Que nous apprend ce paradigme :
- Le processus entrepreneurial est habituellement décrit comme ça : un entrepreneur visionnaire a une bonne idée, il rédige un business plan, lève de l’argent, crée son entreprise, rassemble une équipe et se propulse vers le firmament du succès !
- la réalité est très différente : les entrepreneurs partent souvent avec une idée assez simple (Ikea, Facebook, 3M, etc.), voire pas d’idée du tout (HP et Sony notamment). Ils s’appuient sur les moyens dont ils disposent : leur personnalité, leur réseau de contact, leur savoir. Ils ne rédigent pas de business plan, mais inventent en cours de route. Leur force n’est pas d’être des créatifs hors du commun, mais de savoir fédérer d’autres personnes autour de leur projet, et surtout tirer parti des opportunités qui se présentent.
La fin du mythe de l’entrepreneur tout-puissant
L’intérêt de l’Effectuation est qu’elle déboulonne complètement 4 grands mythes de l’entrepreneuriat. Ces mythes ont toujours la vie dure, mais les déconstruire c’est aussi prendre conscience qu’un autre regard sur l’entrepreneuriat est possible, davantage ancré dans l’action entrepreneuriale.
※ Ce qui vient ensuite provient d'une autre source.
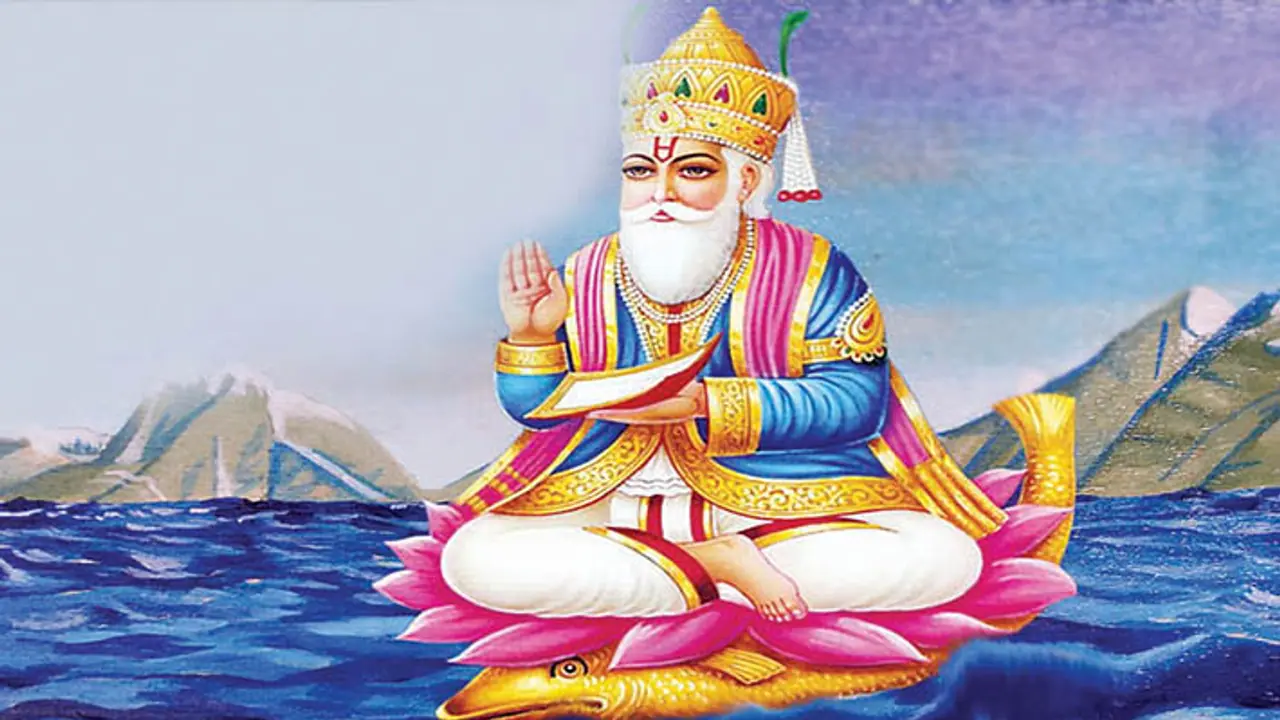 jhulelal jayanti 2023 jhulelal jayanti 2023
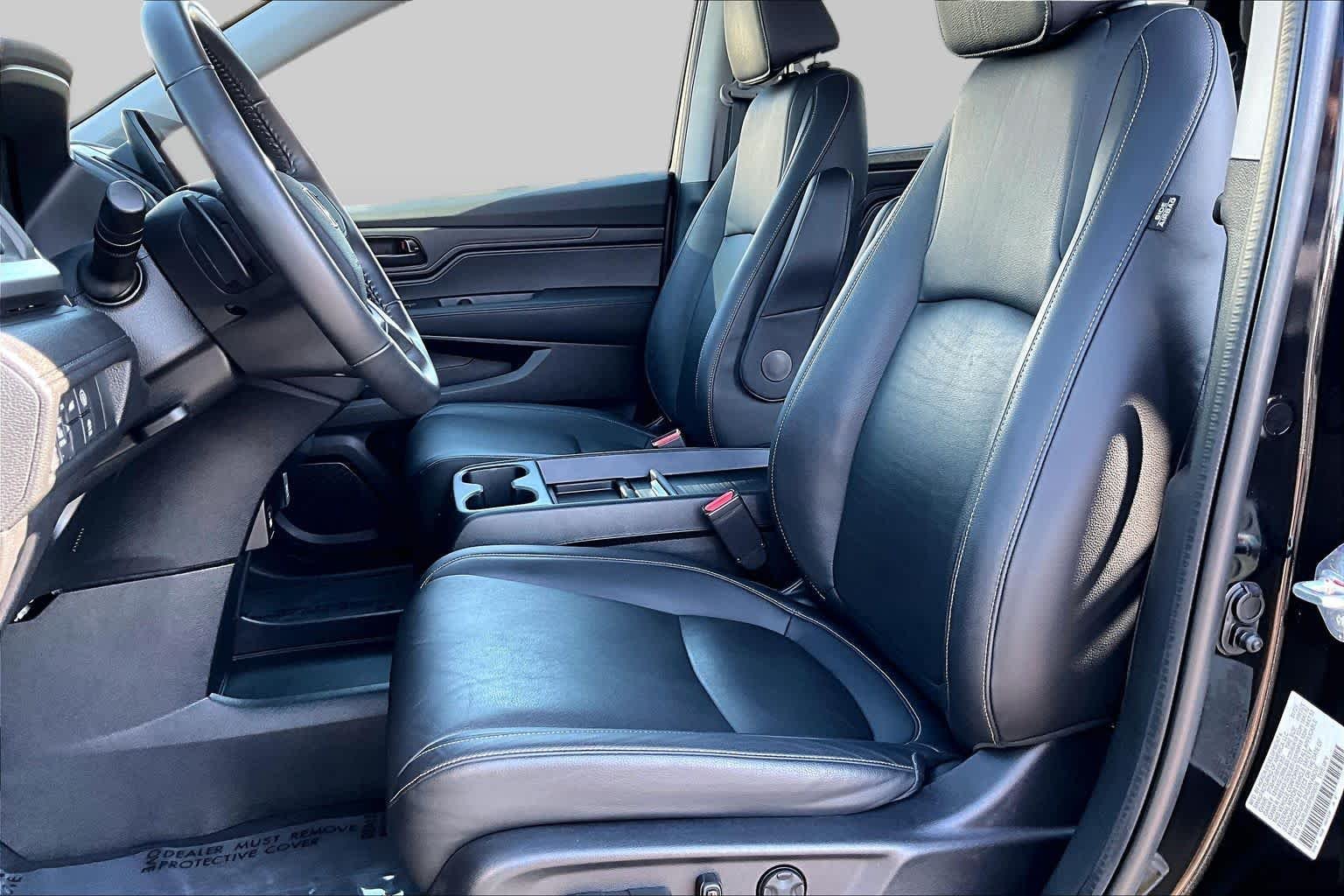 2023 Honda Odyssey EX-L - Photo 7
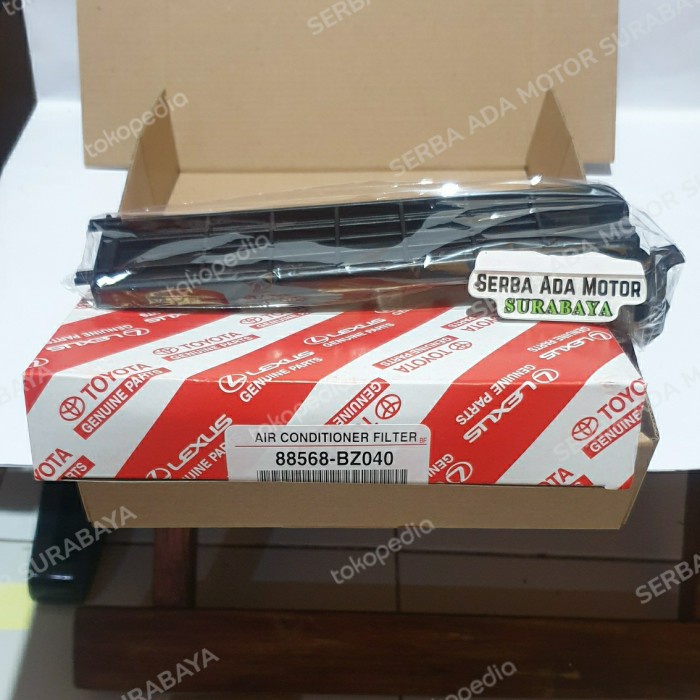 PAKET FILTER AC AVANZA XENIA RUSH TERIOS LAMA PLUS TUTUP murah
Retour sur ces phantasmes qui empêchent souvent ceux qui leur accordent trop de crédit de passer à l’action :
L’amour du risque…
On dit souvent des entrepreneurs qu’ils aiment le risque, qu’ils réussissent parce qu’ils sont prêts à tout pour cela, envers et contre toutes les incertitudes !
La réalité est différente : les entrepreneurs cherchent au contraire à maîtriser, voire à réduire, les risques. Ils fonctionnent par petites touches : ils essaient quelque chose et poursuivent si ça marche. Ils ajustent leur offre en cours de route, tirant parti des surprises. Ils n’étudient pas un marché, mais font des essais à coup de perte acceptable…
Le grand visionnaire…
De même que Newton n’a pas découvert la loi de la gravité en recevant une pomme sur la tête, les entrepreneurs n’ont pas attendu l’illumination de l’idée géniale pour passer à l’action. Contrairement à ce mythe, les chefs d’entreprise ne sont que très rarement des visionnaires. Pour cause, une grande idée ne sort jamais toute armée de la cuisse de Jupiter ; au contraire, elle est souvent le résultat d’une longue maturation. Elle se développe au fur et à mesure de l’action entrepreneuriale et se construit par à-coups à travers des rencontres et des partenariats.
L’expert en prévision…
Autre croyance indécrottable : l’entrepreneur est quelqu’un qui est capable de prédictions ; il détecte une tendance que personne ne voit, devine vers où va le monde… Aucune étude sérieuse ne prouve cette fameuse science de l’avenir des marchés ! Les chefs d’entreprise ne voient pas plus l’avenir que Madame Irma ! Leur expérience de terrain est tout autre : ils ne cherchent pas à prédire l’avenir, ils le construisent.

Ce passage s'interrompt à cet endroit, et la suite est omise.